If Castore can cope with its potential growth and keep the respect to every club they sign a contract - in a long term, this could help them to challenge Nike and Adidas. Can they cope with that, as the number of clubs and demand for unique designs would grow, is the main question. In this social media era, there is some extra advantage for fresh ideas and great aesthetics. Now it might seem highly ambitious for Castore to dream about becoming a global name, but in a long run, it is possible. If the vision and respect towards the clubs will be retained on a year-by-year basis, without prioritizing only the big names, the audience should appreciate that.

Sure, the big names (Real Madrid, Manchester United, Bayern Munich, etc.) would probably prefer to stick with Nike and Adidas. However, there are plenty of mid-tier clubs in Europe with a solid audience to get to work with.

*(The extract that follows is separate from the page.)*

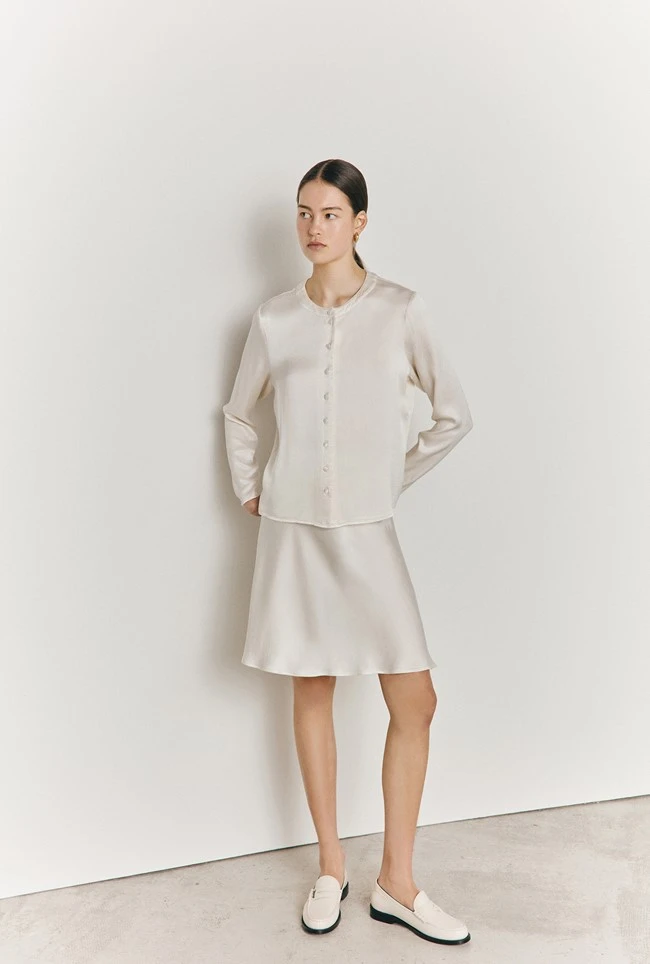 Arella Satin Slip Skirt Ivory 5 Arella Satin Slip Skirt Ivory - Image 3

Just imagine yourself in a place of a sporting director of a mid-tier European football club. Nike or Adidas comes up with a template, gives you cash, and forgets about you until the following season. Or there comes Castore with an individually designed kit and a strong interest in your club's future. The choice would be obvious. For now, this remains purely theoretical.

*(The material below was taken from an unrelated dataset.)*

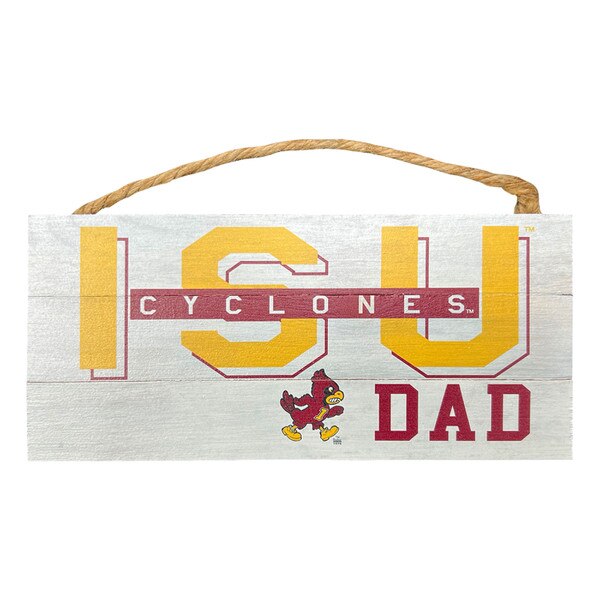 Walking Cy Dad Cardinal and Gold Wood Plank Hanging Sign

So far, Castore has done a good job in work with the international audience. It may have roots in Scotland for now, but its clients come from more than 50 countries. The idea to focus on the online store has worked well since more than 80% of their sales have been processed online. Half of those sales are from foreign clients.

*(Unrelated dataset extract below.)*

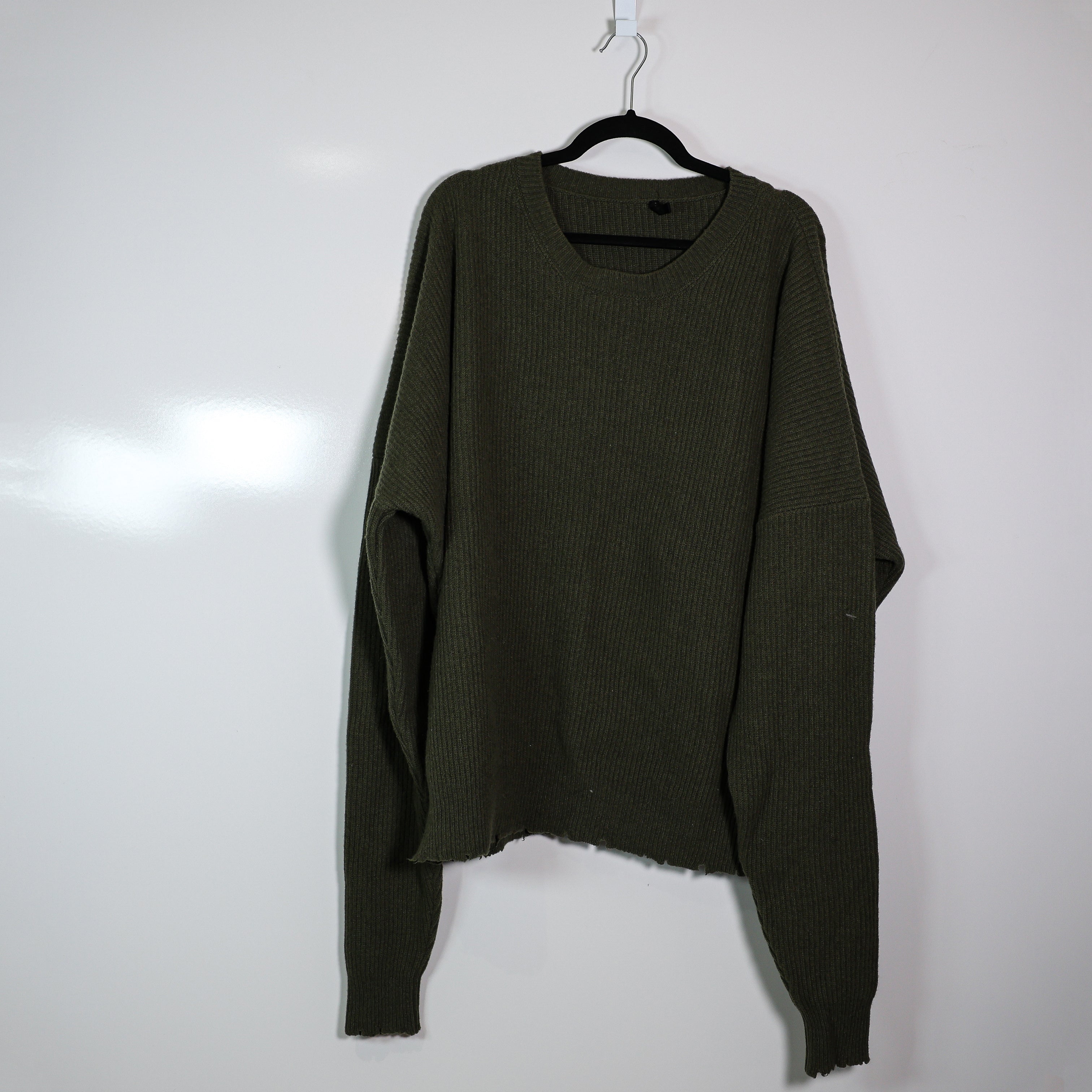 Unravel Project Wool Cashmere Knit Stretch Scoop Neck Distressed Hem Sweater XXS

"Castore has a very strong base of investors which includes one of the richest families in Great Britain. These people invested money in our company because they believe in our vision to turn Castore into a brand that challenges Nike, Adidas, and Under Armour. We want to build a stable long-term brand, and I believe that the investments play a crucial part in this," said Thomas Beahon when there was announced that British billionaires Zuber and Mohsin Issa became the biggest investors of Castore.

Currently, Castore focuses on clothing. Designs and quality are a matter of taste, but the pricing is pretty high due to the brand's positioning of itself as a premium one. However, to fully challenge the big names, Castore will have to explore themselves in sneaker and football boot markets. Adidas has been an iconic football boot producer with the German national team closely tied to it, while Nike has Jordan with its iconic sneakers and a great name in the sport of basketball. For Castore, this all is a new territory to explore.

While clothing has fewer expenses, the potential conquering of the sneaker market would bring additional costs. Investments might not be a problem at this point, but can Castore bring the finest creatives to challenge Jordan, for example? Sneakerheads love trendy things, and hype can be a strong boost in the modern-day social media world. There was a good example of Big Baller Brand, run by Lavar Ball. BBB sold highly-priced limited-edition sneakers, and despite they received mixed and even a bunch of negative reviews, people still were ready to live up with the hype of Ball Brothers and pay $500+ for their sneakers. In the short term, the trick worked out well. In the case of Castore, they must come up with footwear that will be both - desert for sneakerheads and a popular choice for casual buyers.

For such a short period of existence, Castore has done a great job. The growth of this brand has been well-planned and steady. It will be interesting how far can this brand go in football. Names, like Rangers and Newcastle United, are solid ones, to begin with. Can they impress the biggest European names in the next decade? This will be interesting to find out the answer to this question. Only time will tell.